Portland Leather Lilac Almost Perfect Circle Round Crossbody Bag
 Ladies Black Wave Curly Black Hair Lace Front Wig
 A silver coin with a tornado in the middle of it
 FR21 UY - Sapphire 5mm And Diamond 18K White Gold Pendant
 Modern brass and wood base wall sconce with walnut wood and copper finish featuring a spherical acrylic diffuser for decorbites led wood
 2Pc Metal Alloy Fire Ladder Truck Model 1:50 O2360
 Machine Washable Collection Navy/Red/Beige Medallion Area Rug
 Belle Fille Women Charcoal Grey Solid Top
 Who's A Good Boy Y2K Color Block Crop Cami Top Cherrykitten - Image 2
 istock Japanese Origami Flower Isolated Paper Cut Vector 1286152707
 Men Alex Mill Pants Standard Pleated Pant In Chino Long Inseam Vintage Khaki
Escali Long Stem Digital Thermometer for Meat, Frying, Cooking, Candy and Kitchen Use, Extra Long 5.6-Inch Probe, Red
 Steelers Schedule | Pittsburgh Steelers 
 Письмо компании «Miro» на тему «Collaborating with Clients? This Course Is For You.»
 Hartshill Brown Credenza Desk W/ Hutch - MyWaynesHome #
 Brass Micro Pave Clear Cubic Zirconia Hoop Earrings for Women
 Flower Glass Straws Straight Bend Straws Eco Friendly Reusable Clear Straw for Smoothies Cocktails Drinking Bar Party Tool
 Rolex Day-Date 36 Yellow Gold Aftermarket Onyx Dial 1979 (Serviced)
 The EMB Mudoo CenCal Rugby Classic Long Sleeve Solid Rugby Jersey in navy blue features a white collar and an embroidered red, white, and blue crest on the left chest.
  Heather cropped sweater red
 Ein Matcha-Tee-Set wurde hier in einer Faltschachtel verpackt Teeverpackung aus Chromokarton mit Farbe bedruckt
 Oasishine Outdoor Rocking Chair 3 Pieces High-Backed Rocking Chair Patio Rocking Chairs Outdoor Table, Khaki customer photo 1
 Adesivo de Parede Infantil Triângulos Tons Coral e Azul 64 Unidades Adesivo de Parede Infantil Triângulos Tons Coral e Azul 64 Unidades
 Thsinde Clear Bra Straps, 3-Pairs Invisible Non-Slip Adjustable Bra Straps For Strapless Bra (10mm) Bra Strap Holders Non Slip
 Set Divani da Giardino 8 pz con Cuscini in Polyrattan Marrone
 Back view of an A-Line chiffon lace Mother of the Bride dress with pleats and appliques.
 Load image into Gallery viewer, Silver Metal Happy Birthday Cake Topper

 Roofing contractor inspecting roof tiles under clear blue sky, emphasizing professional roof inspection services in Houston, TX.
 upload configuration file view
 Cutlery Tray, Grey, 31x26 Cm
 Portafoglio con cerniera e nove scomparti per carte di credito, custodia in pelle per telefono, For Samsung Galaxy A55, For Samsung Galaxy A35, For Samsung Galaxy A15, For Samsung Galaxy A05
----
Aim of the exercise:
Read the listing line by line, and copy each line in which the word "Khaki" is found.

Solution to this task:
 Men Alex Mill Pants Standard Pleated Pant In Chino Long Inseam Vintage Khaki
 Oasishine Outdoor Rocking Chair 3 Pieces High-Backed Rocking Chair Patio Rocking Chairs Outdoor Table, Khaki customer photo 1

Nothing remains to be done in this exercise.